-- WORK TO COMPLETE --
Return all of the data below verbatim and exclude every picture.

+++++

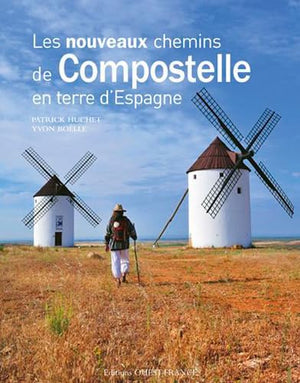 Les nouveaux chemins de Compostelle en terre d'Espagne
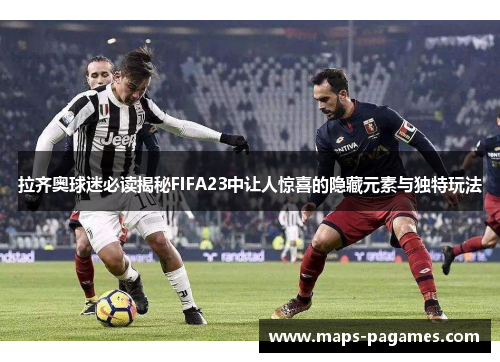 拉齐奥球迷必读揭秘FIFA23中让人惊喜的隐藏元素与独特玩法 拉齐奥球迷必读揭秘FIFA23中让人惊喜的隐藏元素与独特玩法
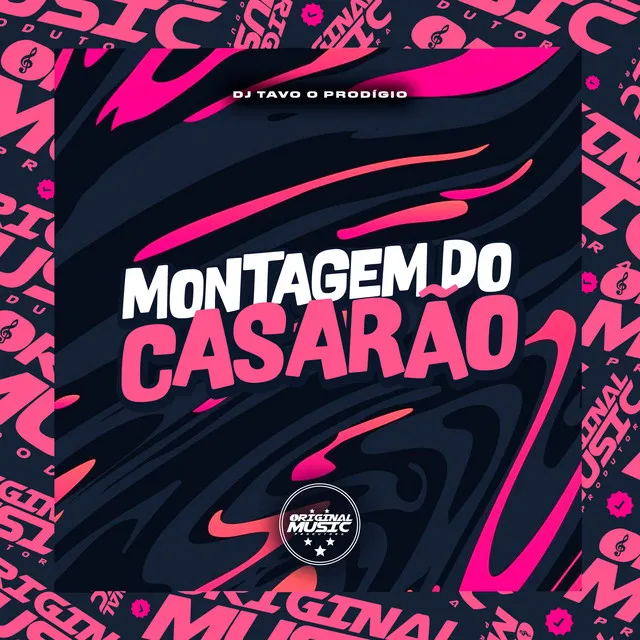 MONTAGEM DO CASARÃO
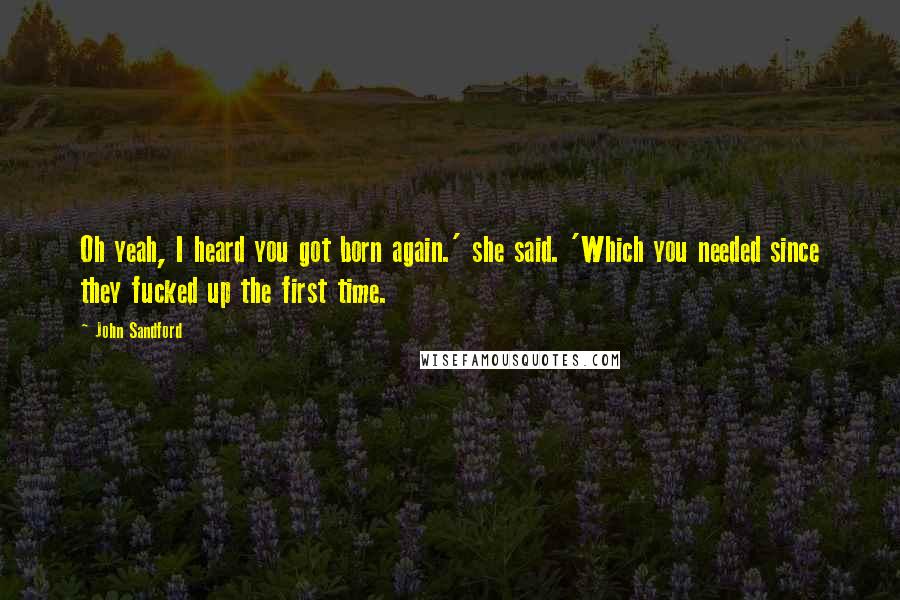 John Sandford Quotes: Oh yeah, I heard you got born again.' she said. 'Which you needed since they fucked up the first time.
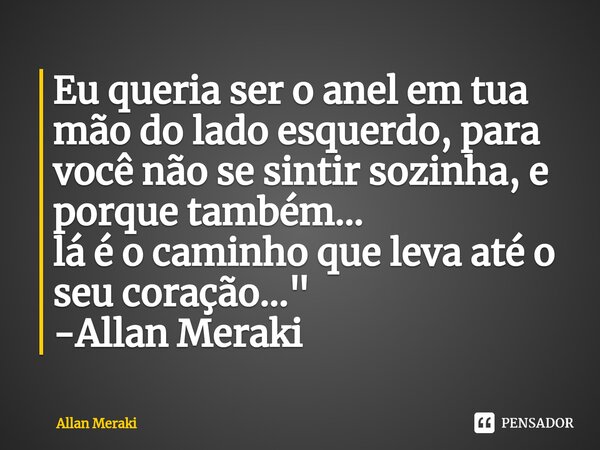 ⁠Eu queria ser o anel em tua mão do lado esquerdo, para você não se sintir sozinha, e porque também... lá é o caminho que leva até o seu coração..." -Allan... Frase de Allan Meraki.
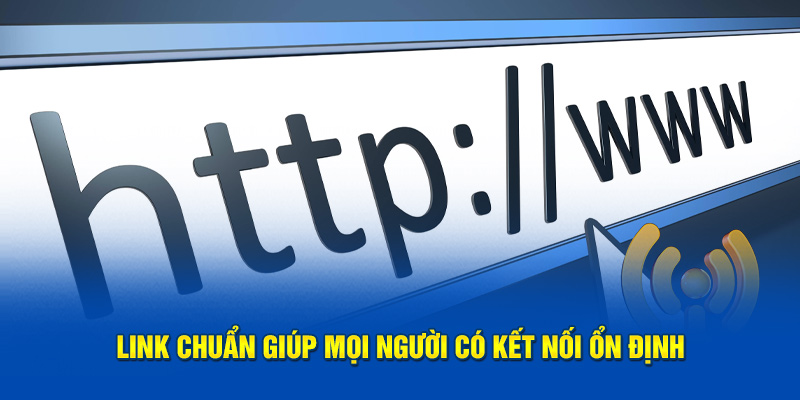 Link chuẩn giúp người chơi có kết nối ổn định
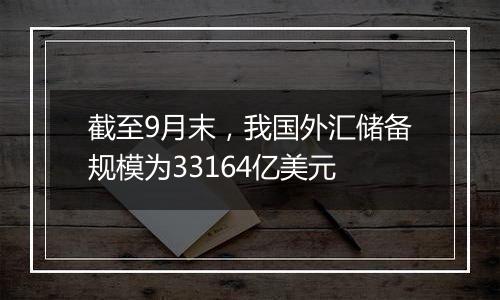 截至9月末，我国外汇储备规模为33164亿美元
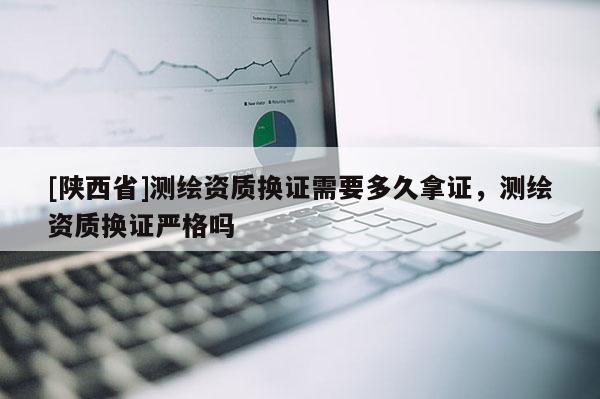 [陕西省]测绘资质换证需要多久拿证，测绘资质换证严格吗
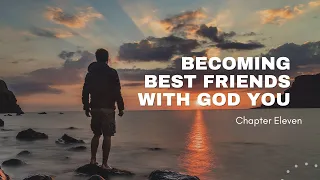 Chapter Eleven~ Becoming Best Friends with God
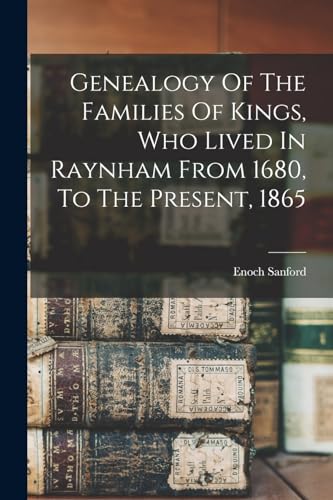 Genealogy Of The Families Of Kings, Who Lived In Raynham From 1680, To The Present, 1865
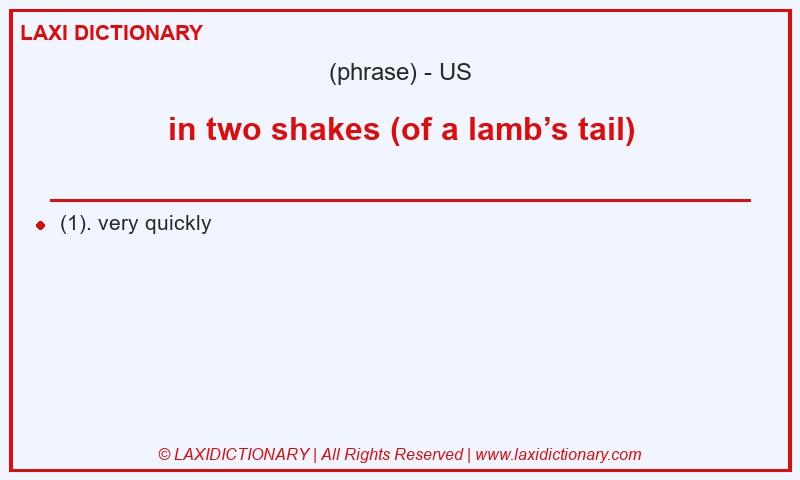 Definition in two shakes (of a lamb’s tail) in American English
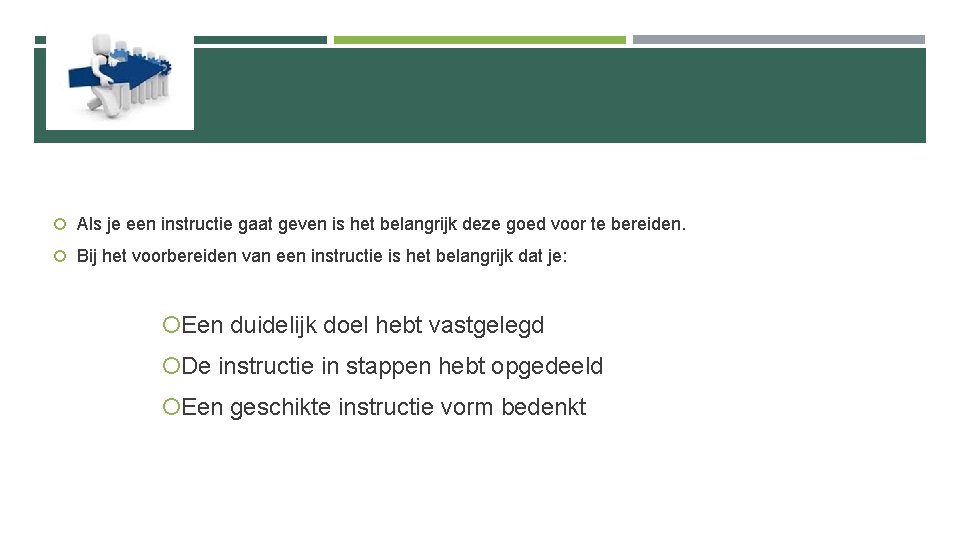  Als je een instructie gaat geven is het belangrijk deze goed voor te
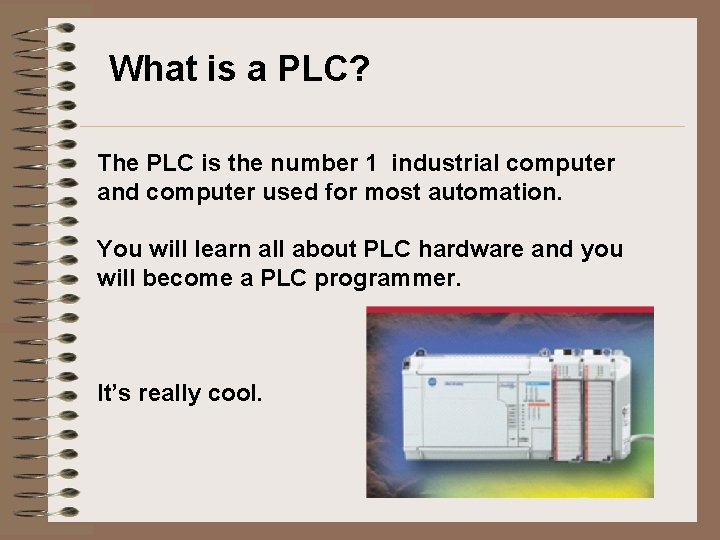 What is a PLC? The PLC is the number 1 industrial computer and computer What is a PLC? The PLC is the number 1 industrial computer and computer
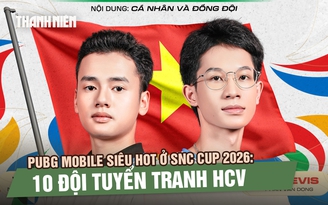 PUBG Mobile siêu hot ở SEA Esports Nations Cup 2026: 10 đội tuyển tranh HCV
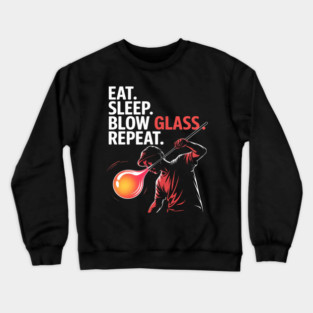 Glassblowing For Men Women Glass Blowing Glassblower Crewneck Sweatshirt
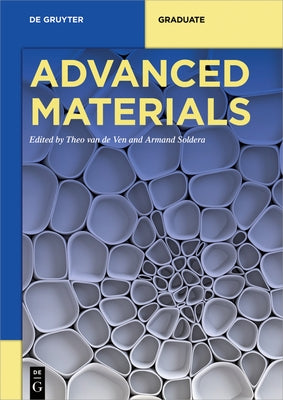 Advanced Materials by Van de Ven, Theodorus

+++++

-- WRITTEN RESPONSE --
 Les nouveaux chemins de Compostelle en terre d'Espagne
 拉齐奥球迷必读揭秘FIFA23中让人惊喜的隐藏元素与独特玩法 拉齐奥球迷必读揭秘FIFA23中让人惊喜的隐藏元素与独特玩法
 MONTAGEM DO CASARÃO
 John Sandford Quotes: Oh yeah, I heard you got born again.' she said. 'Which you needed since they fucked up the first time.
 ⁠Eu queria ser o anel em tua mão do lado esquerdo, para você não se sintir sozinha, e porque também... lá é o caminho que leva até o seu coração..." -Allan... Frase de Allan Meraki.
 Link chuẩn giúp người chơi có kết nối ổn định
 截至9月末，我国外汇储备规模为33164亿美元
 [陕西省]测绘资质换证需要多久拿证，测绘资质换证严格吗
 Chapter Eleven~ Becoming Best Friends with God
 Genealogy Of The Families Of Kings, Who Lived In Raynham From 1680, To The Present, 1865
 Definition in two shakes (of a lamb’s tail) in American English
  Als je een instructie gaat geven is het belangrijk deze goed voor te
 What is a PLC? The PLC is the number 1 industrial computer and computer What is a PLC? The PLC is the number 1 industrial computer and computer
 PUBG Mobile siêu hot ở SEA Esports Nations Cup 2026: 10 đội tuyển tranh HCV
 Glassblowing For Men Women Glass Blowing Glassblower Crewneck Sweatshirt
 Advanced Materials by Van de Ven, Theodorus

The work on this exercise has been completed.